The fourth column contains the chip device ID, which identifies the chip this card is based on. It consists of two fields, identifying the chip and its vendor, as above. The fifth column prints the chip's revision. The sixth column describes the header type. Currently assigned header types include 0 for most devices, 1 for PCI to PCI bridges, and 2 for PCI to CardBus bridges. If the most significant bit of the header type register is set for function 0 of a PCI device, it is a multi-function device, which contains several (similar or independent) functions on one chip.
If the -b
option is supplied,
pciconf
will list any base address registers (BARs)
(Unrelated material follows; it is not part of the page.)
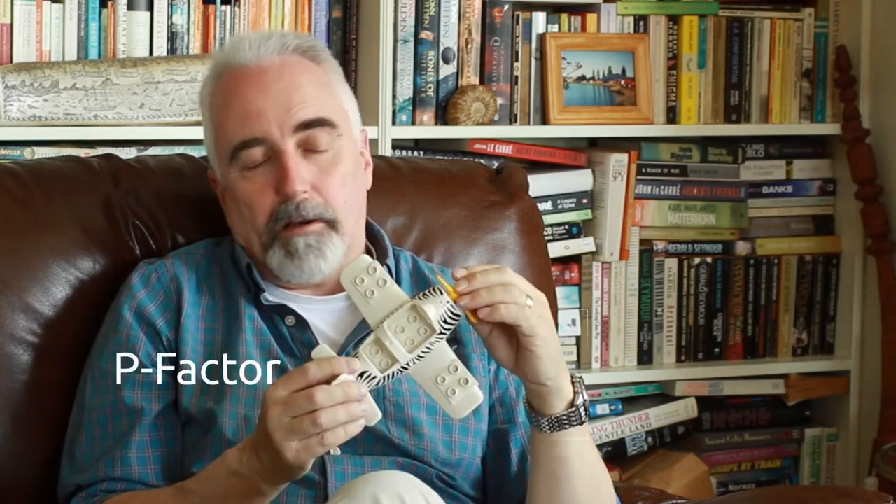A second one is called the P-factor, or P-effect, best described as asymmetric thrust. Again, it comes back to the spinning propeller — clockwise, as almost all propeller planes do. When a propeller is spinning it's biting into the air, forcing the air back and pulling the plane forward. If a plane is at an angle — like before it takes off, speeding up down the runway, or coming into land on an aircraft carrier — we'll look at why in a minute.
that are assigned resources for each device. Each BAR will be enumerated via
a line in the following format:
bar [10] = type Memory, range 32, base 0xda060000, size 131072, enabled
The first value after the
“bar
” prefix in the square brackets is
the offset of the BAR in config space in hexadecimal. The type of a BAR is
one of “Memory”, “Prefetchable Memory”, or
“I/O Port”. The range indicates the maximum address the BAR
decodes. The base and size indicate the start and length of the BAR's
address window, respectively. Finally, the last flag indicates if the BAR is
enabled or disabled.
If the -c
option is supplied,
pciconf
will list any capabilities supported by each
device. Each capability is enumerated via a line in the following
format:
cap 10[40] = PCI-Express 1 root port
The first value after the
“cap
” prefix is the capability ID in
hexadecimal. The second value in the square brackets is the offset of the
capability in config space in hexadecimal. The format of the text after the
equals sign is capability-specific.
Each extended capability is enumerated via a line in a similar format:
ecap 0002[100] = VC 1 max VC0
The first value after the
“ecap
” prefix is the extended
capability ID in hexadecimal. The second value in the square brackets is the
offset of the extended capability in config space in hexadecimal. The format
of the text after the equals sign is capability-specific.
If the -v
option is supplied,
pciconf
will attempt to load the vendor/device
information database, and print vendor, device, class and subclass
identification strings for each device.
All invocations of pciconf
except for
-l
require a selector of the
form
pci
domain:bus:device:function,
pci
bus:device:function,
or
pci
bus:device.
In case of an abridged form, omitted selector components are assumed to be
0. An optional leading device name followed by @ and an optional final colon
will be ignored; this is so that the first column in the output of
pciconf
-l
can be used
without modification. All numbers are base 10.
With the -a
flag,
pciconf
determines whether any driver has been
assigned to the device identified by selector. An exit
status of zero indicates that the device has a driver; non-zero indicates
that it does not.
The -r
option reads a configuration space
register at byte offset addr of device
selector and prints out its value in hexadecimal. The
optional second address addr2 specifies a range to
read. The -w
option writes the
value into a configuration space register at byte
offset addr of device selector.
For both operations, the flags -b
and
-h
select the width of the operation;
-b
indicates a byte operation, and
-h
indicates a halfword (two-byte) operation. The
default is to read or write a longword (four bytes).
ENVIRONMENT
The PCI vendor/device information database is normally read from
/usr/share/misc/pci_vendors. This path can be
overridden by setting the environment variable
PCICONF_VENDOR_DATABASE
.
SEE ALSO
HISTORY
The pciconf
utility appeared first in
FreeBSD 2.2. The -a
option
was added for PCI KLD support in FreeBSD 3.0.
AUTHORS
The pciconf
utility was written by
Stefan Esser and Garrett
Wollman.
BUGS
The -b
and -h
options are implemented in pciconf
, but not in the
underlying ioctl(2).
It might be useful to give non-root users access to the
-a
and -r
options. But only
root will be able to execute a kldload
to provide
the device with a driver KLD, and reading of configuration space registers
may cause a failure in badly designed PCI chips.